As President Rodrigo Duterte’s economic officials try to pull off a last-ditch effort for the Senate’s approval of the country’s participation in the Regional Comprehensive Economic Partnership (RCEP), the next Department of Trade and Industry (DTI) head has joined the bandwagon for the pact’s immediate ratification.
Incoming Trade Secretary Alfredo Pascual gave full support to the mega-trade bloc agreement.
“My stand is very clear in our statement, being the president of the Management Association of the Philippines, supporting the immediate ratification of the RCEP by the Senate. But I have not had the chance to discuss this with our President-elect during our meeting,” Pascual said.
President elect Ferdinand “Bongbong” Marcos Jr. had indicated his preference for a thorough review of the deal in the Senate.
Business groups, however, stressed that the country in RCEP would mean a huge market where local traders gain through preferential access to markets, noting that just like any free trade agreement, RCEP provides opportunities for the country.
Local agricultural groups, however, fear the accord will threaten certain local industries, individual producers and Filipino workers.
Trade groups maintained that like other agreements the country has joined, of which the country has the least, compared to Indonesia, Malaysia, Thailand and Vietnam, the overall economic gains in terms of net job creation, economic growth and price stabilization will well outweigh the costs, stressing that the government has the responsibility to assist those adversely affected meaningfully and effectively, to allow them to achieve competitiveness or adjust to alternative products or livelihoods.
Pascual maintained that RCEP would benefit several industries as there are research studies available, done by government research agencies, like the Philippine Institute for Development Studies, “that recommend in no uncertain terms the affiliation of the Philippines on RCEP.”
Listen to tillers
“And the issues I have heard being articulated by farmer groups can be addressed, I think. In terms of food security, it will point towards affiliating ourselves with RCEP so we can have access to food sources, especially now that there is a tightening of supply given the conflict between Russia and Ukraine,” Pascual added.
President-elect Marcos, last week, aired contentions on RCEP’s looming ratification, saying that he is unsure that the country’s agriculture sector is sufficiently robust to take on the competition that the opening of markets will cost, that’s why the trade bloc agreement should be reexamined extensively to make sure that the sector won’t lose, and Filipino farmers can compete with other nations.
Deliberations at the Senate have started yesterday for lawmakers to decide on the fate of RCEP, a free trade agreement among the Asia-Pacific nations of Australia, Brunei, Cambodia, China, Indonesia, Japan, South Korea, Laos, Malaysia, Myanmar, New Zealand, the Philippines, Singapore, Thailand and Vietnam.

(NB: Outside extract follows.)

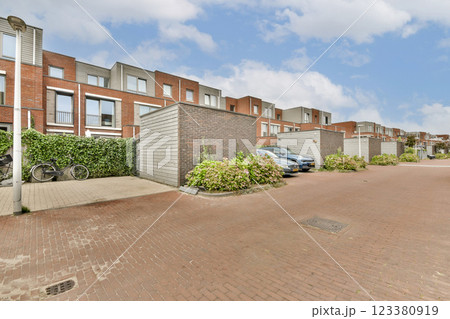 A contemporary residential area featuring modern buildings, well-maintained sidewalks, and greenery, capturing urban living's tranquility. 123380919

The agreement, which came into force on 1 January 2022 and was implemented in other member countries, is a manifestation of the region’s resolve to keep markets open; strengthen regional economic integration; support an open, free, fair, inclusive, and rules-based multilateral trading system; and, ultimately, contribute to global post-pandemic recovery efforts.
Agri sector safe with RCEP
During RCEP deliberations on Monday, the country’s trade negotiator, Trade Assistant Secretary Allan Gepty, emphasized the agriculture sector will have safeguards in the agreement.
Socioeconomic Planning Secretary Karl Kendrick Chua urged legislators to pass the RCEP agreement this week.
“We will help the agriculture sector be competitive and productive because that is the foundation of our structural transformation to become a prosperous country but not at the expense of all the other sectors that also need our support. So, what we propose is to do things in parallel: Ratify the RCEP but also help the agriculture sector become more competitive,” Chua indicated.